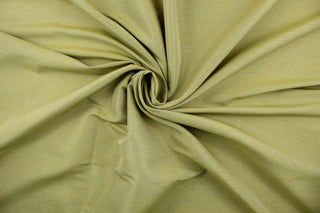 A mock linen in lime green with hints of blue and gold.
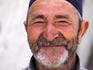 Smiling man, Xinaliq.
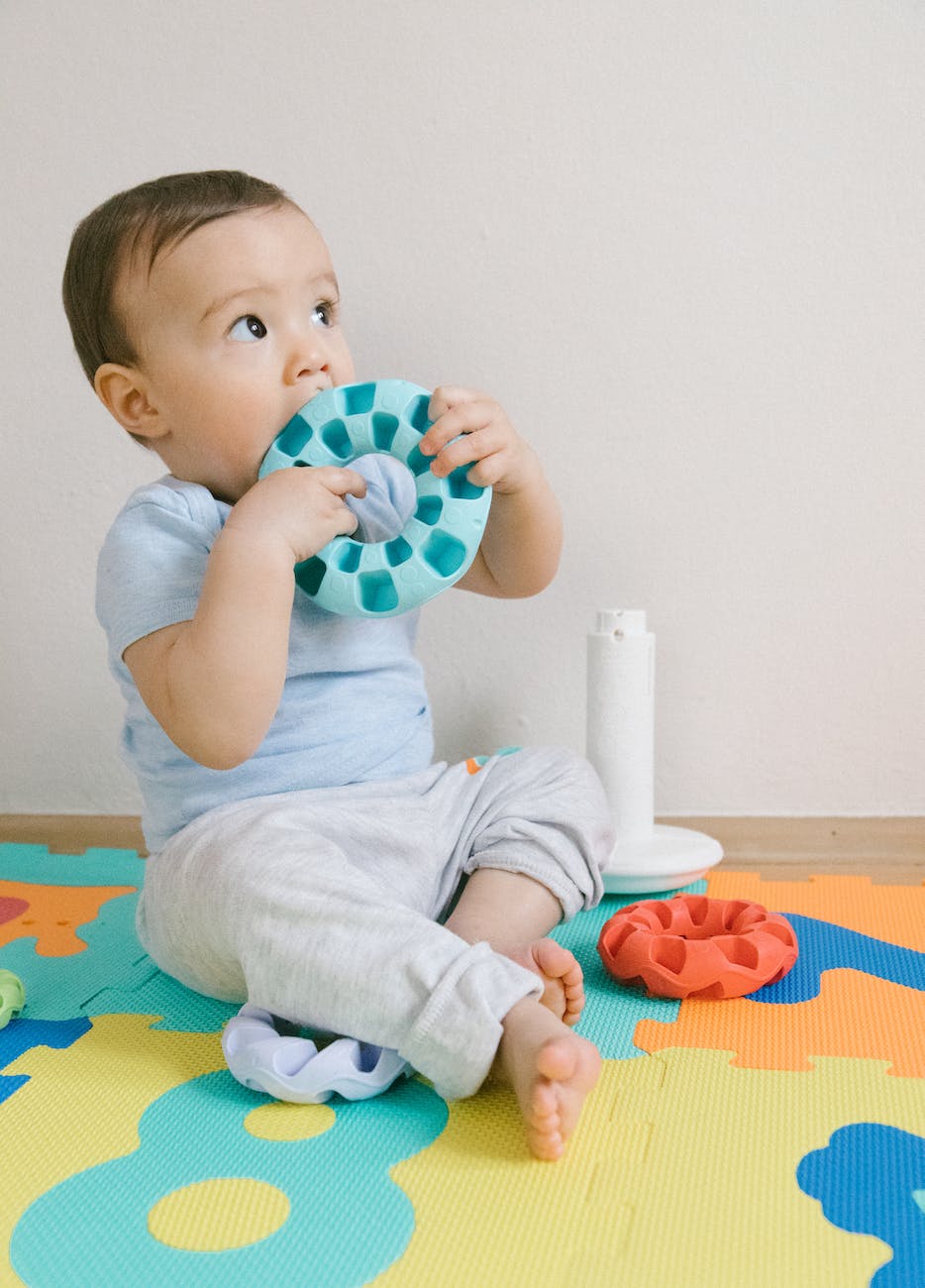 baby on puzzle mat playing toys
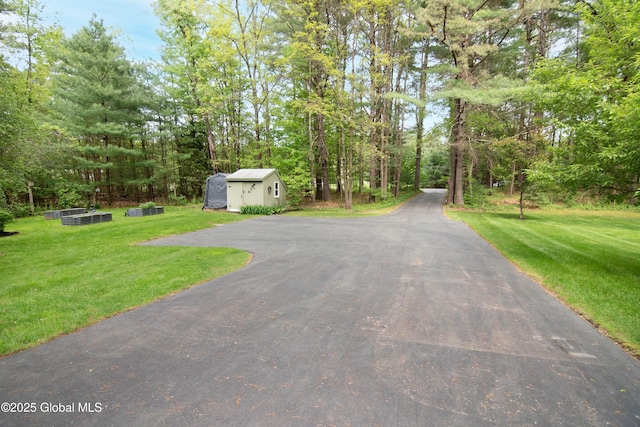 124 Edie Rd, Wilton, NY 12866 - view of asphalt road featuring a view of trees
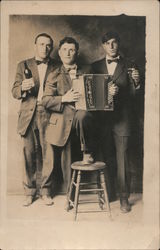 Three Men in Bow Ties Holding a Wine Bottle, an Accordion, and a Glass Respectively Performers & Groups Postcard Postcard Postcard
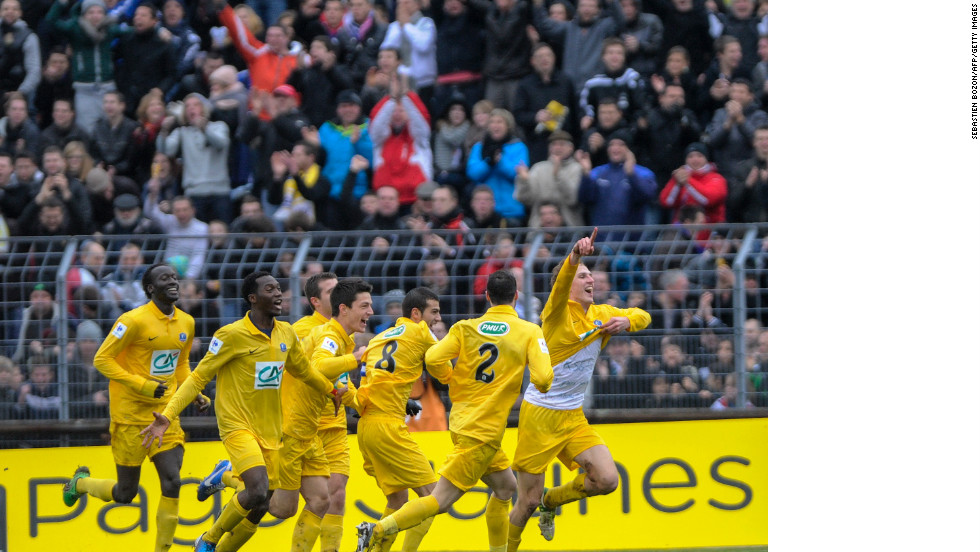 Epinal&#39;s French midfielder Tristan Boubaya races away to celebrate after netting against the giant of Lyon. Boubaya scored twice to give his side a 2-0 lead before Bafetembi Gomis  and Gueida Fofana brought the visitor level.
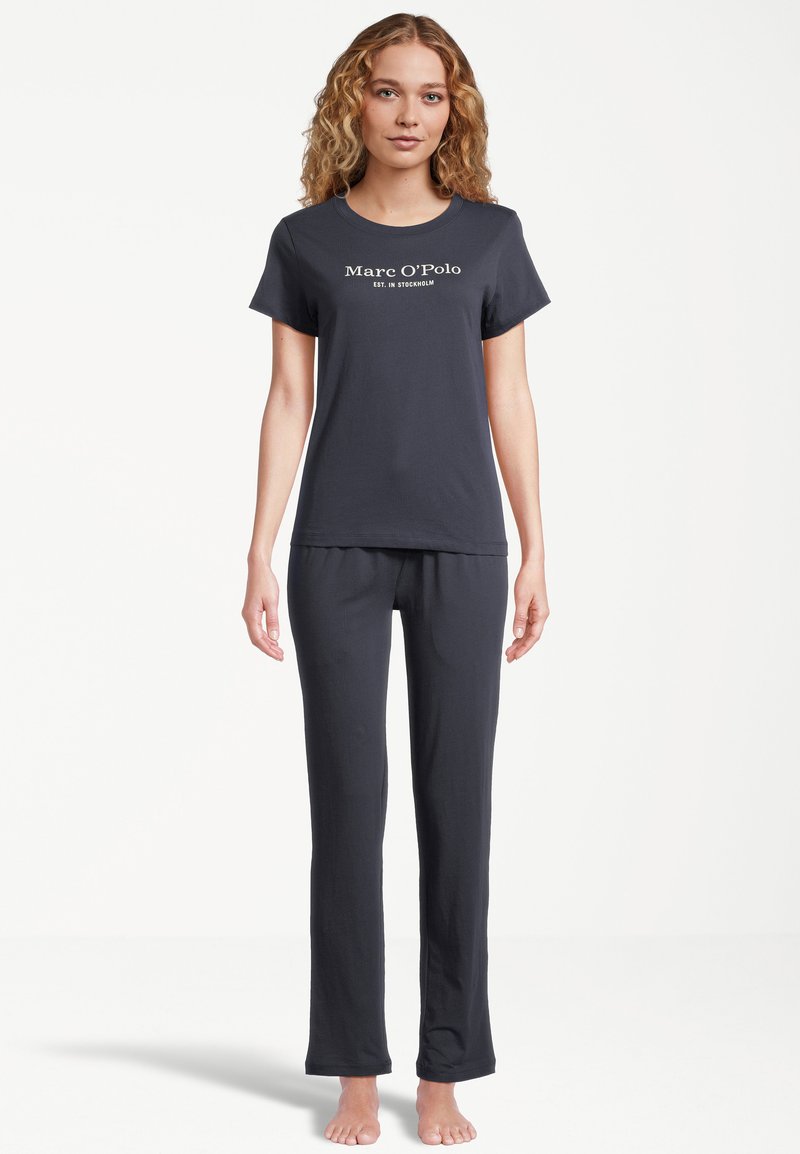 Svart bomullspyjamas set bestående av en T-shirt med kort ärm och logotyp samt långa byxor med en bekväm passform. Mjuk textur och minimalistisk design.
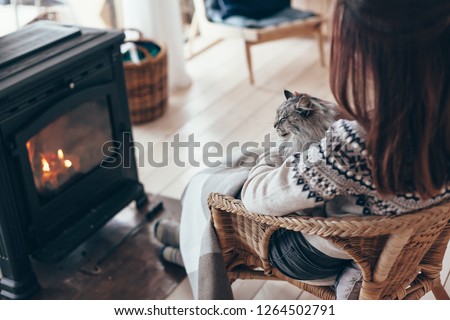 Human with cat relaxing in wicker armchair by the fire place in wooden cabin. Warm and cozy winter holiday concept.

● ● ● ● ●

Please print each entry exactly as given and keep pictures out of it.

 A mock linen in lime green with hints of blue and gold.
 Smiling man, Xinaliq.
 baby on puzzle mat playing toys
 124 Edie Rd, Wilton, NY 12866 - view of asphalt road featuring a view of trees
 Three Men in Bow Ties Holding a Wine Bottle, an Accordion, and a Glass Respectively Performers & Groups Postcard Postcard Postcard
 Epinal&#39;s French midfielder Tristan Boubaya races away to celebrate after netting against the giant of Lyon. Boubaya scored twice to give his side a 2-0 lead before Bafetembi Gomis  and Gueida Fofana brought the visitor level.
 Svart bomullspyjamas set bestående av en T-shirt med kort ärm och logotyp samt långa byxor med en bekväm passform. Mjuk textur och minimalistisk design.
 Human with cat relaxing in wicker armchair by the fire place in wooden cabin. Warm and cozy winter holiday concept.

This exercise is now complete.